A new documentary, JFK: What the Doctors Saw, directed by Barbara Shearer, was made available for streaming online on Paramount Plus on November 14. At roughly 90 minutes, the documentary is a tightly constructed forensic examination of a limited category of evidence relating to the assassination of John F. Kennedy, Jr. on November 22, 1963. Its subject matter consists of the observations of the doctors at Parkland Memorial Hospital in Dallas, where Kennedy was taken after he was shot.
With this narrow scope, the documentary does not substantively explore the political motives for a conspiracy to assassinate Kennedy within the American state apparatus. In fact, behind the idealized public façade of “Camelot,” there were violent political vendettas within the Kennedy administration over the Bay of Pigs, the Cuban Missile Crisis, the Nuclear Test Ban treaty and Vietnam.
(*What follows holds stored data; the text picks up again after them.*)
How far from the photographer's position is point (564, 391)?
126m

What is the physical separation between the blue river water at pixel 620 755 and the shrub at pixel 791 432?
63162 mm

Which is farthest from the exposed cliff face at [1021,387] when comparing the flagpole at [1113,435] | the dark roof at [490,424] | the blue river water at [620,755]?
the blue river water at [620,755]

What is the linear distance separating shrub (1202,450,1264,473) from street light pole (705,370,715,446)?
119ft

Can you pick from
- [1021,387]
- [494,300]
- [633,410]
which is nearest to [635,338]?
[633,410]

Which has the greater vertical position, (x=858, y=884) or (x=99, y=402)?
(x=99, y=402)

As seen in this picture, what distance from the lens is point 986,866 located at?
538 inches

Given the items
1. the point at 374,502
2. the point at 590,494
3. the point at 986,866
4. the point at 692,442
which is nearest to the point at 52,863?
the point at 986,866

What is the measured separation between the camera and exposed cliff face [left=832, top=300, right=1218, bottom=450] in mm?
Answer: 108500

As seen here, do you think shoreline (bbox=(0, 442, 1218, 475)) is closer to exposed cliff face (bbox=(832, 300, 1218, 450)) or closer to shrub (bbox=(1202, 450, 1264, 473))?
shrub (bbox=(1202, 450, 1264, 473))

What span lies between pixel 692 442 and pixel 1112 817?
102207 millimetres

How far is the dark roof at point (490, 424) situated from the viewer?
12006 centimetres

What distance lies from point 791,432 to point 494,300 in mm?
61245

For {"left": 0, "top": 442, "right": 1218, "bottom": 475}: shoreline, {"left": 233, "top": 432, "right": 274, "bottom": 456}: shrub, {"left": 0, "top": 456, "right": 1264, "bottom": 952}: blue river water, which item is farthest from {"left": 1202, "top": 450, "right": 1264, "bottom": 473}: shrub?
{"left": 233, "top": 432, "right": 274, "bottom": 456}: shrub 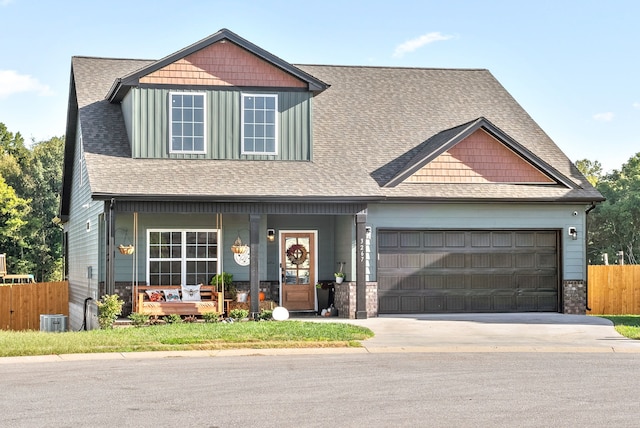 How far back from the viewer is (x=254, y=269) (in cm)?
2173

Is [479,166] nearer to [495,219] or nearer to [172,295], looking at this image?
[495,219]

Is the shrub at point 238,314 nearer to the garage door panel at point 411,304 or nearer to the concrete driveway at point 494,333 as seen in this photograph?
the concrete driveway at point 494,333

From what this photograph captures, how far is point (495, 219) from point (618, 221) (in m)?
26.9

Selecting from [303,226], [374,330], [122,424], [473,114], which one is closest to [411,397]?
[122,424]

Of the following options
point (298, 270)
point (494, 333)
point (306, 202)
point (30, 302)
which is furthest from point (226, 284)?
point (30, 302)

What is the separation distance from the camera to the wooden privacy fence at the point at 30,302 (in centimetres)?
3045

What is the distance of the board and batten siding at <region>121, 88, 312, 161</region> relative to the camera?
907 inches

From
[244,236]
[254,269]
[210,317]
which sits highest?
[244,236]

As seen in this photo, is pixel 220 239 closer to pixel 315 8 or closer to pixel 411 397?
pixel 315 8

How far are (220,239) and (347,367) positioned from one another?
9807 mm

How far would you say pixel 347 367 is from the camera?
14.4 meters

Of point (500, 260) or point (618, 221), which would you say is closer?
point (500, 260)

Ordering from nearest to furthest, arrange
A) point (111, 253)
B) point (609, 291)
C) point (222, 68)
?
point (111, 253) < point (222, 68) < point (609, 291)

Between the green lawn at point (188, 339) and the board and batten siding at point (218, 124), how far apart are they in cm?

But while it confines itself to a forensic study of a limited range of evidence, what this new documentary does reveal is disturbing and explosive.
The official government account of the assassination, which was advanced within hours of the shooting and which has been maintained ever since, is that Lee Harvey Oswald, acting alone, shot Kennedy from behind with a rifle from a window of the Texas School Book Depository Building after the presidential motorcade had passed the building and was driving away.
But what the doctors all say they saw when Kennedy arrived at the trauma room at Parkland Memorial Hospital was a bullet entrance wound in the front of Kennedy’s neck, with an exit wound at the back of his head. The doctors unanimously recall seeing that.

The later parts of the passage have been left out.